Pound Shops and their like are about the only high street businesses that are booming, and the competition is fierce. Poundlands, Poundworld and now 99p Stores are rapidly moving into the vacant lots that keep appearing. Many have quite literally filled the gap in the market left vacant by Woolworths. In 2009, a pound shop in Bournemouth was forced to close after a 99p store opened opposite. A 3p saving might seem a little comical to a customer, but for the shop, that’s a potential 3 per cent cut in revenues - no laughing matter.
The US PRivate Equity firm Warburg Pincus, who bought Poundland for around £200m three years ago, may sell it later this year for as much as £600m, which represents a vast profit on a chain of stores where British unemployment benefit claimants were controversially told to provide free labour by the government or risk losing their benefits. One such individual, Cat Reilly, successfully sued the department for Work and Pensions over the legality of the claim, a course of action which the Secretary of State Iain Duncan Smith described as “sneering at hardworking taxpayers.”

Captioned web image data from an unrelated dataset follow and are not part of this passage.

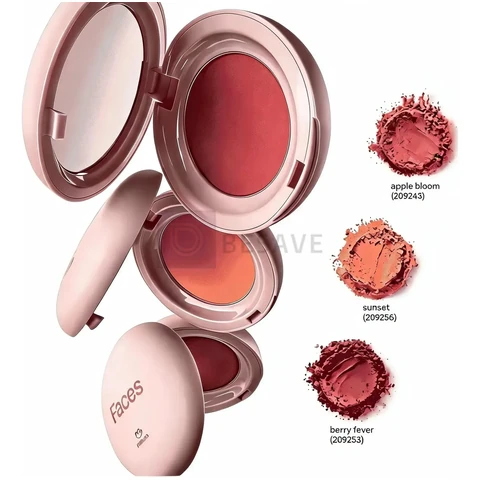 Blush Matte Faces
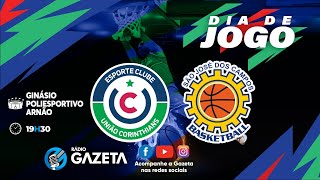 🏀 AO VIVO  União Corinthians x São José Basketball  NBB 202324  15112023 [upl. by Anomas]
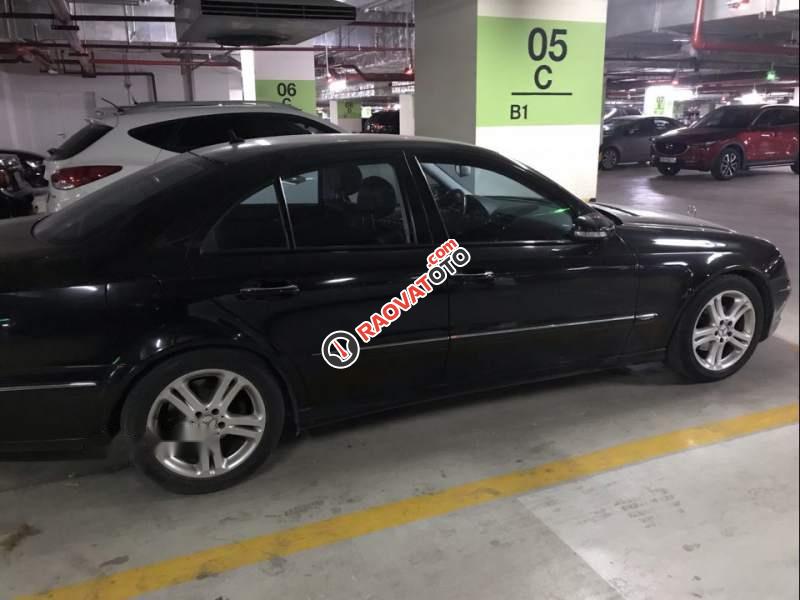 Bán xe Mercedes E200 đời 2008, màu đen, đi 120000km-2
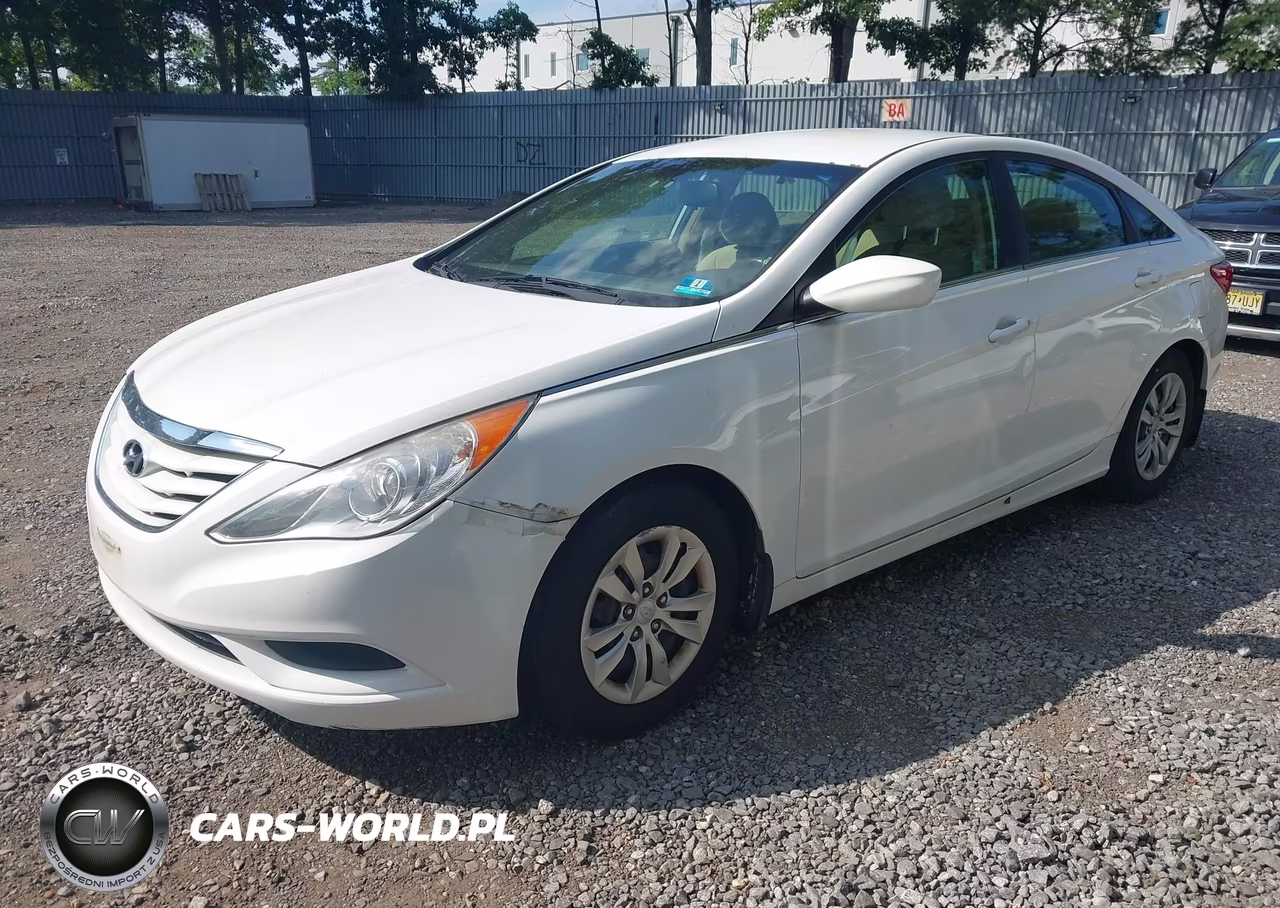 2012 Hyundai Sonata Gls VIN:5NPEB4AC2CH493655 - 2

But in any case, the march of the pound shop shows no signs of slowly. One of Poundland’s other three now 97p establishments is in East Ham, just down the road from where Muhammad Nazir became something of an unlikely star at Queen’s Road Market, singing his “One Pound Fish” song, which nearly made it to Christmas number one. If the discount war really takes hold, watch out, he may yet return with a rather more wordy follow up this year.